By James Toney at Wimbledon

Cameron Norrie seems an unerringly grounded sort of bloke but he admits he's now got a taste for the tennis high life.

Norrie might have arrived at the All England Club as the British number one but despite cracking the world's top ten could still walk sport’s most famous postcode largely unrecognised.

Not anymore, with a run to a first Grand Slam semi-final finally ended by six-time champion Novak Djokovic.

In the end the Serbian's experience was just too much, as he secured a 27th consecutive win here and his 85th in total, moving him beyond Jimmy Connors and now behind only Roger Federer.

He has also now reached 32 grand slam finals - a new men's all-time record. If tennis success is judged on the numbers, Djokovic's figures are quite remarkable.

Norrie said after his quarter-final win over David Goffin that matches really start at the two hour mark - in this clash that was about the point it all went downhill.

He raced to the first set in a flurry of winners and then won just nine games in the three that followed, losing 2-6 6-3 6-2 6-4 as his self-belief seemed to evaporate on a sweltering Centre Court.

"It's tough to take, it started pretty well, he seemed a bit nervous but he dried up his errors and then made it really difficult for me," admitted Norrie.

"He raised his game and served unbelievably well and made it tough for me to get into his service. He just locked it down.

“It was the biggest match of my career and I made a good start but it wasn't enough. The level of execution and focus from him was just better than me.

“I used the crowd to my advantage and he looked like he was getting a bit distracted by it. I enjoyed the atmosphere but not the result.

“I feel everyone has got behind me. It's the first time people have got to know me and the way I play and operate. I'm pleased to have given them something to cheer about. It's been a crazy fortnight."
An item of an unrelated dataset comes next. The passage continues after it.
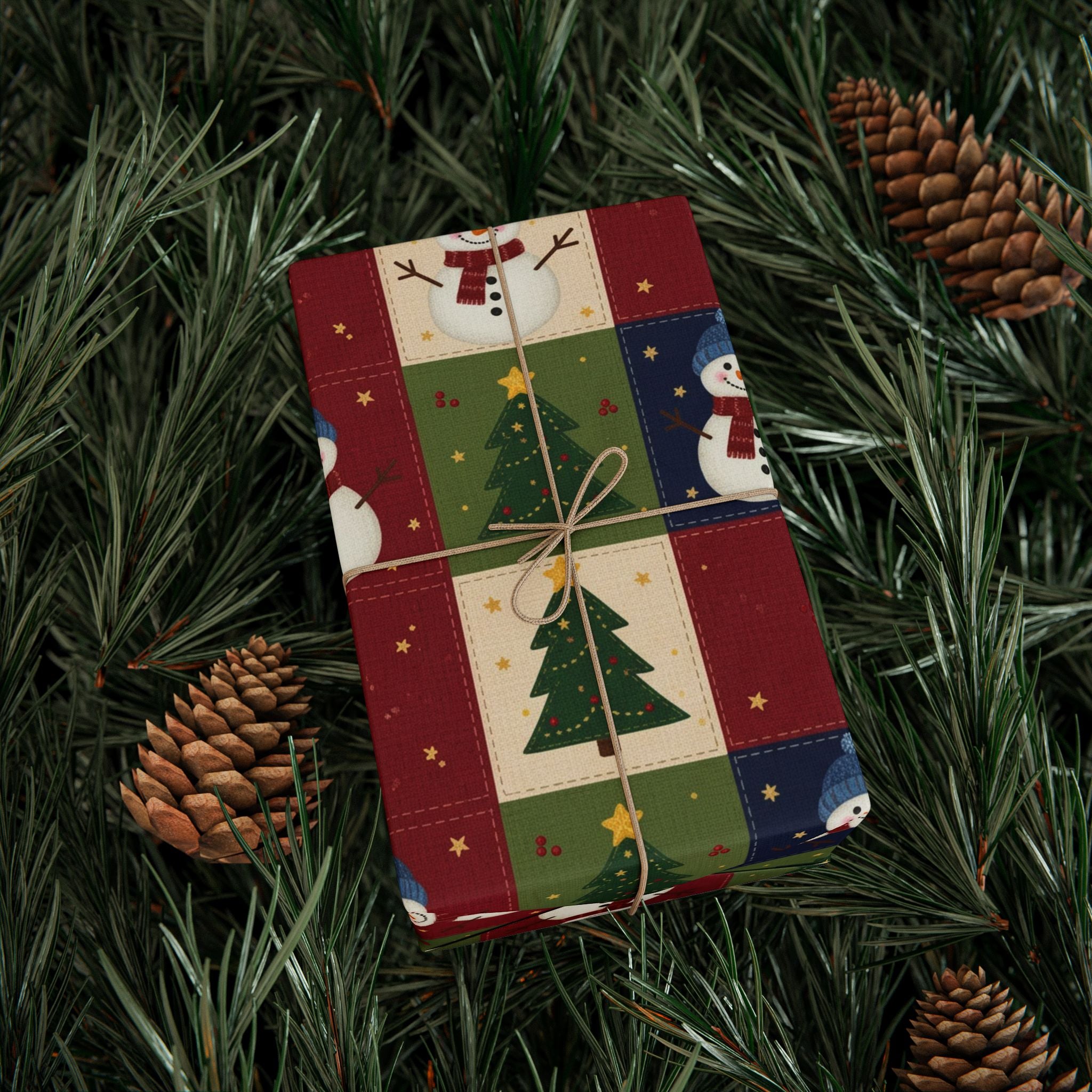 Snowman & Christmas Quilt Tree Wrapping Paper | Holiday Pattern Roll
Norrie will need a few more days like this to be mentioned in the same breath as Tim Henman, Andy Murray or Emma Raducanu but there is plenty of cause for optimism with his fortnight's sweat and toil.

The tennis circus rolls relentlessly on and Norrie will start his US hard court campaign in Atlanta later this month.

The lack of ranking status, due to Wimbledon's decision to exclude Russian and Belorussian players, means Norrie won't be picking up the 720 points this run would have generated, which would have moved him up to career high of world number eight.

However, these last six matches have taught him something more valuable - this is a stage where he belongs.

"I need to keep working hard, there are lots of things to improve on my game," he added.

"To reach the semi-finals is sick but I want to win a slam. There's been a lot of firsts for me and a lot of good experiences and learning.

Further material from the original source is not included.